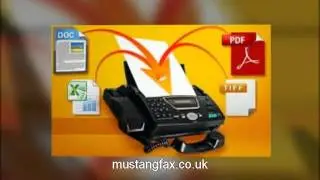 Fax 2 Email
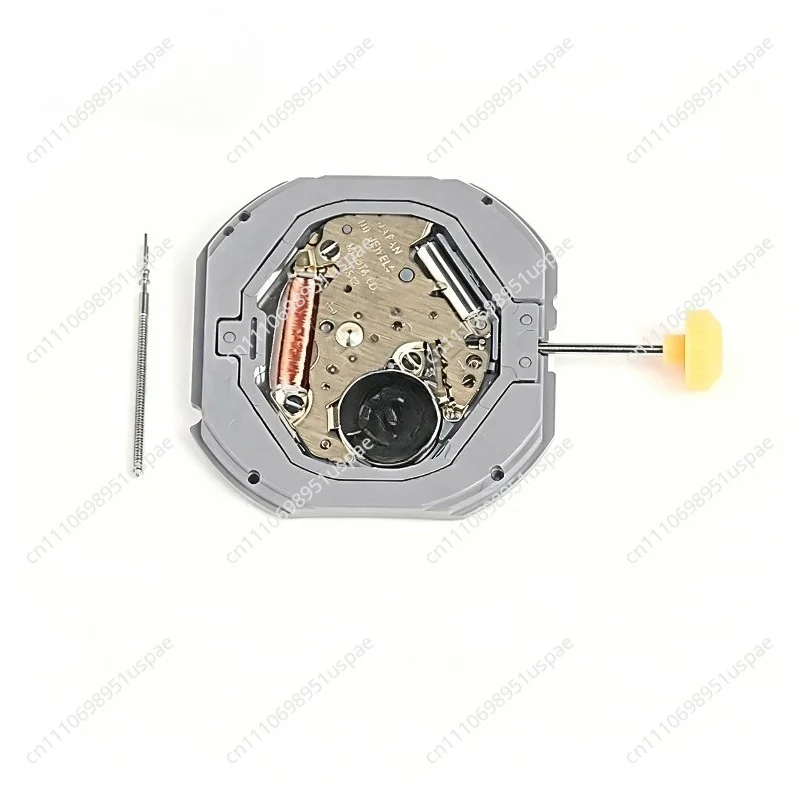 MIYOTA Caliber 1S13 Date At 6/3 Quartz Movement New and Original Gr12 Watch Movement Repair and Replacement Parts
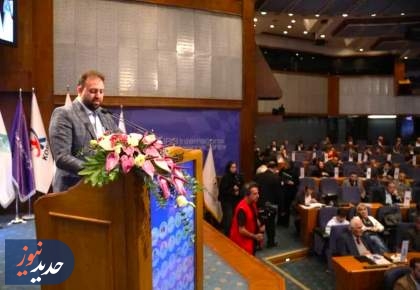 اگر امروز تصمیم نگیریم، فردا انتخابی برایمان باقی نخواهد ماند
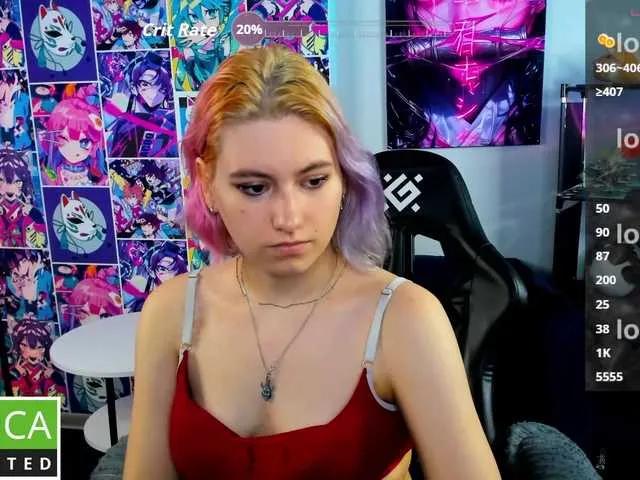 Bonni-Meiz on BongaCams 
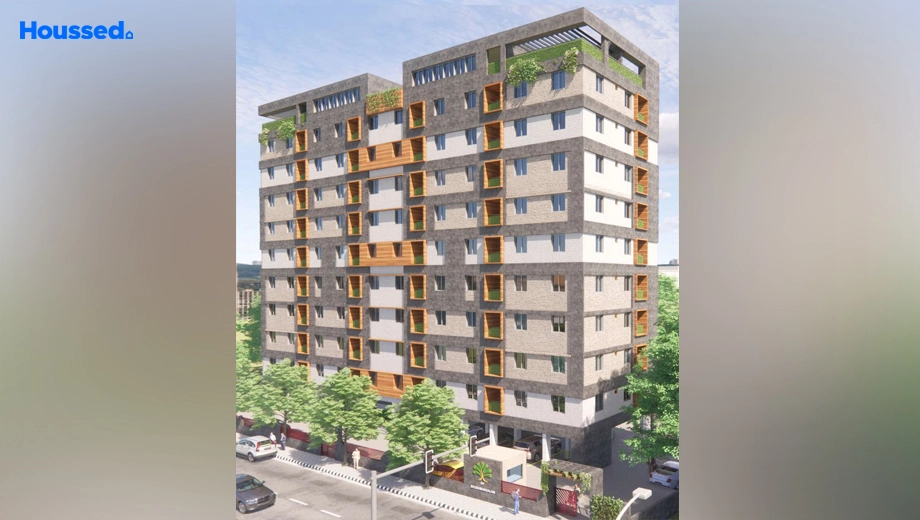 Project Image of GP Subhamangalam in Anna Nagar, Chennai - Image 440006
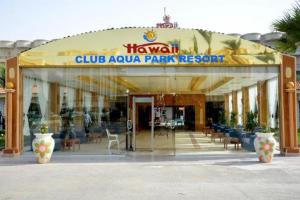poza telefon Sunrise Serano Club Resort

* * * * *

Work to complete:
Pictures in the records above are not copied; print everything else exactly.

Problem solution:
 Fax 2 Email
 MIYOTA Caliber 1S13 Date At 6/3 Quartz Movement New and Original Gr12 Watch Movement Repair and Replacement Parts
 اگر امروز تصمیم نگیریم، فردا انتخابی برایمان باقی نخواهد ماند
 Bonni-Meiz on BongaCams 
 Project Image of GP Subhamangalam in Anna Nagar, Chennai - Image 440006
poza telefon Sunrise Serano Club Resort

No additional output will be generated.